Currently, more than two in three adults are considered to be overweight or obese, according to the National Institute of Diabetes and Digestive and Kidney Diseases, and more than one in 20 adults are considered to have extreme obesity. We already know that obesity is related to a variety of health issues and is a growing epidemic around the world, but a new documentary is showing a whole new side to the condition. 

The BBC documentary, which airs Sept. 13, shows shocking images taken during the autopsy of an obese person. The woman, who donated her body to science, was 5 feet 5 inches tall and weighed about 238 pounds. She was from Long Beach, California and died in her early 60s of heart failure. Effects of obesity on her skin, heart, liver, lungs and kidneys were examined in the autopsy.

ad_218674060 The woman weighed 17 stone Photo courtesy of BBC

The documentary is titled “Obesity — The Post Mortem” and is set to air on BBC Three. Carla Valentine, technical curator of the Museum of Pathology at Queen Mary University, opened up about her experience performing the autopsy.

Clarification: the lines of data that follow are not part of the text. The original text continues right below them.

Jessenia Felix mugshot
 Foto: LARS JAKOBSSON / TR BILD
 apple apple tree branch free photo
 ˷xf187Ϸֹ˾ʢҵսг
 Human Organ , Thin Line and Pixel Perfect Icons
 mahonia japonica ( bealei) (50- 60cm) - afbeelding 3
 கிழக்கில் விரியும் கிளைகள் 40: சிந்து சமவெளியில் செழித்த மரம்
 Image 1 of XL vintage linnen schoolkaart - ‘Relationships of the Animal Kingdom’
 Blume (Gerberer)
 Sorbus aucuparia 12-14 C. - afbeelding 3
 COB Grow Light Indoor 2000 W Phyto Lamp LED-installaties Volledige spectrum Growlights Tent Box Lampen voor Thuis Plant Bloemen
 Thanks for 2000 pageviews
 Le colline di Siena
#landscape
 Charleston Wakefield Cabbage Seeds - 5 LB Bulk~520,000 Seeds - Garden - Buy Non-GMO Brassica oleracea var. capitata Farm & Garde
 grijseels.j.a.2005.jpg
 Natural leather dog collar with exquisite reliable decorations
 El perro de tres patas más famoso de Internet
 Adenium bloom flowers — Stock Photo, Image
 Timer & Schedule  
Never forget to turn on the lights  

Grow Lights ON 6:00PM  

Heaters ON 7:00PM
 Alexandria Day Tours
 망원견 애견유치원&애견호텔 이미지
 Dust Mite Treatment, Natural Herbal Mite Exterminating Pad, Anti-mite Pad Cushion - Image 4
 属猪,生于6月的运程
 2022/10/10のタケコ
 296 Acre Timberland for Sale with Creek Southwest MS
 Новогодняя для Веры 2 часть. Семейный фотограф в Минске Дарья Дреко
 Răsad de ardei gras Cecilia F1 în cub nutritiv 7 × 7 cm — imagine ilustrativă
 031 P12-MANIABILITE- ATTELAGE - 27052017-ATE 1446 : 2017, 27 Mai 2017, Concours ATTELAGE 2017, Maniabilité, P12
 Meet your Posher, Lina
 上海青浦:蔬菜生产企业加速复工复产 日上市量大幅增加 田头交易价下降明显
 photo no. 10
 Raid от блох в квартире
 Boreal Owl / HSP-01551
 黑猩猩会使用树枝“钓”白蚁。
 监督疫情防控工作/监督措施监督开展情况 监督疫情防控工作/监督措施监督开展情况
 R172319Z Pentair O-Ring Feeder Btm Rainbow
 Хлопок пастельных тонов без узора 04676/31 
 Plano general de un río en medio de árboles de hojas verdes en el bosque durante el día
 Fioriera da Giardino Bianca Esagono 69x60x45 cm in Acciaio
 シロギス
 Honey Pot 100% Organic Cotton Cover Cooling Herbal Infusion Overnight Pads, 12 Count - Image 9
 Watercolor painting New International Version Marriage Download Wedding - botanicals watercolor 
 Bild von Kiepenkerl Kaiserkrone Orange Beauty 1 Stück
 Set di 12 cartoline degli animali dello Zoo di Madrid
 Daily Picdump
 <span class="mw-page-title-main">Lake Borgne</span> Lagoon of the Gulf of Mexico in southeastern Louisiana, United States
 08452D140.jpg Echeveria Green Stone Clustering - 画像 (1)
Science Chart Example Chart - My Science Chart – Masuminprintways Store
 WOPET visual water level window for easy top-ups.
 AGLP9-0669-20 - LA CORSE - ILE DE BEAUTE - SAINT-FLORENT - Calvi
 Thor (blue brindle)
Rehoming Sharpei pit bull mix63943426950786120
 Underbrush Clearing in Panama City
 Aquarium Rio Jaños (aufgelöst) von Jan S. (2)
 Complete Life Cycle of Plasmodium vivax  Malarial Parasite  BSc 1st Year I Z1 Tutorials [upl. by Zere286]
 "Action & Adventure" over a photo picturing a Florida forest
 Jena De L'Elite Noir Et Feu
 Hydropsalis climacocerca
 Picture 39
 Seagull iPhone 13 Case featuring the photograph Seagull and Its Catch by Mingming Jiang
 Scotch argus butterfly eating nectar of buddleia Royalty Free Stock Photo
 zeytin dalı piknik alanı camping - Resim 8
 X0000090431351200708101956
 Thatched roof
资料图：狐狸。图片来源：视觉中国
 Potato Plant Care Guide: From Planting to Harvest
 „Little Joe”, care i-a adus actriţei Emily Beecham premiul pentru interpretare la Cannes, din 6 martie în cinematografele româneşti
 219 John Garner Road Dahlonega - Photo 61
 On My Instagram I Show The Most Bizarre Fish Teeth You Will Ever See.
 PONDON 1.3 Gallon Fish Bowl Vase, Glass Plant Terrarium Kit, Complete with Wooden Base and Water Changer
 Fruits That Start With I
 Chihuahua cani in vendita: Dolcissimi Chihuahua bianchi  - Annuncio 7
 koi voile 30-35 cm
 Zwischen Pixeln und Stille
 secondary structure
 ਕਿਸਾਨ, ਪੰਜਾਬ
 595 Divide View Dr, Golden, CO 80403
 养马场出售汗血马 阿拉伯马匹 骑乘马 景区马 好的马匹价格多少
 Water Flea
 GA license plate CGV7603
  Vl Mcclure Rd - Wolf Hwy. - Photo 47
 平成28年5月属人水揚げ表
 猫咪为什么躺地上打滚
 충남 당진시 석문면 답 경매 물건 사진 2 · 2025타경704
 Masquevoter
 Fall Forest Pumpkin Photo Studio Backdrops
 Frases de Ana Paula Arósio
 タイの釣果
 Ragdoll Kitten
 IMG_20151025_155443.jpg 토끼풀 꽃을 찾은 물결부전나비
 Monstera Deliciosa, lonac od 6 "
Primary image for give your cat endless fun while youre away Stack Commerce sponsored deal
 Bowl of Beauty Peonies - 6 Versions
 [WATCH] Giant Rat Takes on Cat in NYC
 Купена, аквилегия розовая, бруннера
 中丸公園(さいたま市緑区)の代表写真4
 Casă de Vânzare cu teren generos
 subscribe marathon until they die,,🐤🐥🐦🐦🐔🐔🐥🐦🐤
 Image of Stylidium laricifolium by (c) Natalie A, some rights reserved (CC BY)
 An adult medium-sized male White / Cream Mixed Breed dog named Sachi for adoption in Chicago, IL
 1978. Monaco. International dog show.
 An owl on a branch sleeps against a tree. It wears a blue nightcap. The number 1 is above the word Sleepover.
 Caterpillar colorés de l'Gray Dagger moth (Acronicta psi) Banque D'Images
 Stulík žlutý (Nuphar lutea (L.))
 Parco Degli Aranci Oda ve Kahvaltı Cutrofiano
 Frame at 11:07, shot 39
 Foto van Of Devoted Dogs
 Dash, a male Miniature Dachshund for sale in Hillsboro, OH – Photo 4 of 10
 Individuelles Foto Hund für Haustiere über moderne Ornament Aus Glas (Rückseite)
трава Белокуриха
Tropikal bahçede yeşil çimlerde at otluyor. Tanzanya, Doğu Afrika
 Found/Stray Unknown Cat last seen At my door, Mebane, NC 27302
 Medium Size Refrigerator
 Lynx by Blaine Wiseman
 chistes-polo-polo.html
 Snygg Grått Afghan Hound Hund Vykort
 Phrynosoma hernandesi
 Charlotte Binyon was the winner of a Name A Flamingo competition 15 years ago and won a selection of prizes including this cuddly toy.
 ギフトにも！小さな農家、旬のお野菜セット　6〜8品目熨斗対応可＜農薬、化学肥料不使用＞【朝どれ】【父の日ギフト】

‘I needed a lot more strength to cut through the tissue which kind of bloomed out in neon yellow. It made me aware of the fat on my own body and the effect it has,” she said, according to the Daily Mail U.K.

ad_218674062 Pathologists found her flesh difficult to cut due to fat Photo courtesy of BBC

During the post mortem procedure, doctors also extracted the unhealthy heart.

“The heart feels baggy, when you pick up the heart of someone fit it would be tight and hard like picking up a piece of steak, this is like more like a bag,” Pathologist Dr Mike Osborn said.

ad_218674056 Her heart was extremely enlarged and pathologists described it as "baggy." Photo courtesy of BBC

The woman’s lungs and liver were also extracted. The latter organ was described as “pinky, soft, like pate.”

“A normal liver is quite soft but not as soft and is much more meaty — the pink in this liver is the fat,” Osborn explained. “The most common cause is alcohol related but we known this lady drank virtually nothing so it's almost certainly obesity.”

ad_218674058 The kidneys also showed signs of obesity Photo courtesy of BBC

Health risks of being overweight and obese include type 2 diabetes, heart disease, high blood pressure, liver disease, osteoarthritis, stroke, and some forms of cancer.  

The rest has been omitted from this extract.